He stayed out of undergraduate politics at Oxford, and studied the works of Hegel; he was to formulate his conclusions later as to the inseparability of economic and political freedom: "the purpose of State control and the guiding principle of its application is the achievement of true freedom". He obtained a first class Greats degree.
Shortly after graduating, Maudling set up a meeting with Harold Nicolson to discuss whether it would be better, as a moderate conservative, to join the Conservative Party or National Labour; Nicolson advised him to wait. Maudling was called to the Bar at the Middle Temple in 1940. However, he did not practise as a barrister, having volunteered for service in the Royal Air Force (RAF) in the Second World War.
Owing to poor eyesight he took desk jobs in the RAF intelligence branch, where he rose—as a "Wingless Wonder", as officers who were not qualified to wear pilot's wings were nicknamed—to the rank of Flight Lieutenant; he was then appointed Private Secretary to the Secretary of State for Air, Sir Archibald Sinclair.
Maudling wrote an essay on Conservative policy in November 1943, recommending that the Conservatives neither imitate the Labour Party nor reflexively oppose all controls; in the general election of July 1945, he was selected as parliamentary candidate for Heston and Isleworth, a newly created constituency in Middlesex, although there were four applicants and he had no ties to that constituency.

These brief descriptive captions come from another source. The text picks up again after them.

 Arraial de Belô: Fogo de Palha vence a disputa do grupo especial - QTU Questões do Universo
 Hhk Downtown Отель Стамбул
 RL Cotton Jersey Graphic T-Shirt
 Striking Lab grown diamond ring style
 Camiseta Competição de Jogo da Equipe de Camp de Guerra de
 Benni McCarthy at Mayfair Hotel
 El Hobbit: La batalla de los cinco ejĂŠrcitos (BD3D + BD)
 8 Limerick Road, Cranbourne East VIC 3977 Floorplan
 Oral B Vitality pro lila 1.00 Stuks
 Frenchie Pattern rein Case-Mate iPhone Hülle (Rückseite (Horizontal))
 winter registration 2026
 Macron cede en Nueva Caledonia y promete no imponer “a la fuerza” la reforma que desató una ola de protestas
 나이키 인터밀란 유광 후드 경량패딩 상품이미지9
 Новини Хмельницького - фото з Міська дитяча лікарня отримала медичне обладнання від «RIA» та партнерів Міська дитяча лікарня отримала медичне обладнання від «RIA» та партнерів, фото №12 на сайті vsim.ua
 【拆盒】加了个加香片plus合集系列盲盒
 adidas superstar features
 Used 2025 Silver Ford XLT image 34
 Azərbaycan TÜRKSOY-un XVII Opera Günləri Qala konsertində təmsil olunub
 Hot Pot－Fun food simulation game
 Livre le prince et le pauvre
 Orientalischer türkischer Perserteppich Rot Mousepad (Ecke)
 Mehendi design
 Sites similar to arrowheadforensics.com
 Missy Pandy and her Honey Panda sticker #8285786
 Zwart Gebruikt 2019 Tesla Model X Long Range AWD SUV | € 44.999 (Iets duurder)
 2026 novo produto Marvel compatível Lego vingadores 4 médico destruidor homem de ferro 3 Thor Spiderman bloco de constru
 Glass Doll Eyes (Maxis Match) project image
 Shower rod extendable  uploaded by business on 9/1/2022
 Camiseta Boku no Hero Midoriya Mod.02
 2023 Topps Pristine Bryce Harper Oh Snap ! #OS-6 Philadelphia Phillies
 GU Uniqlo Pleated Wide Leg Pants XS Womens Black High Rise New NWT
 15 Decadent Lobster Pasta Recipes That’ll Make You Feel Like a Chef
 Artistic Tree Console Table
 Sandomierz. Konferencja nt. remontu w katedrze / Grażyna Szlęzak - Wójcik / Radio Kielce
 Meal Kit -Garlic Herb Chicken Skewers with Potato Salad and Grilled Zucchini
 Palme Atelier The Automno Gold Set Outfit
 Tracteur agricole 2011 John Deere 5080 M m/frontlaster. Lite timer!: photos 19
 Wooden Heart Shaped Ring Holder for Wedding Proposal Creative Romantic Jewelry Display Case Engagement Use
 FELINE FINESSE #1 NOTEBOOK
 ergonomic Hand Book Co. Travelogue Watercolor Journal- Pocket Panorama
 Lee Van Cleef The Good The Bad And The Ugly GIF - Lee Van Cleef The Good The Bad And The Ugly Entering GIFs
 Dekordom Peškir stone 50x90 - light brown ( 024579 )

In the subsequent Labour landslide Maudling was defeated like many others, although Heston and Isleworth had been expected to be a safe Conservative seat. After its defeat in the 1945 general election, the Conservative Party engaged in an extensive rethink of its policy. Maudling argued that the Party had depended excessively on outdated economic slogans and the popularity of Winston Churchill.
In November 1945, Maudling became the first staff member of the Conservative Parliamentary Secretariat, later the Conservative Research Department, where he was head of the Economic Section. He persuaded the party to accept much of the Labour government's nationalisation programme and social services while cutting government spending. In March 1946, Maudling was chosen as the prospective candidate for Barnet, close to his birthplace in Finchley, and began giving speeches there. Labour had unexpectedly won the seat in 1945, but it was considered to be marginal. In 1950, Maudling was elected as Member of Parliament with an absolute majority.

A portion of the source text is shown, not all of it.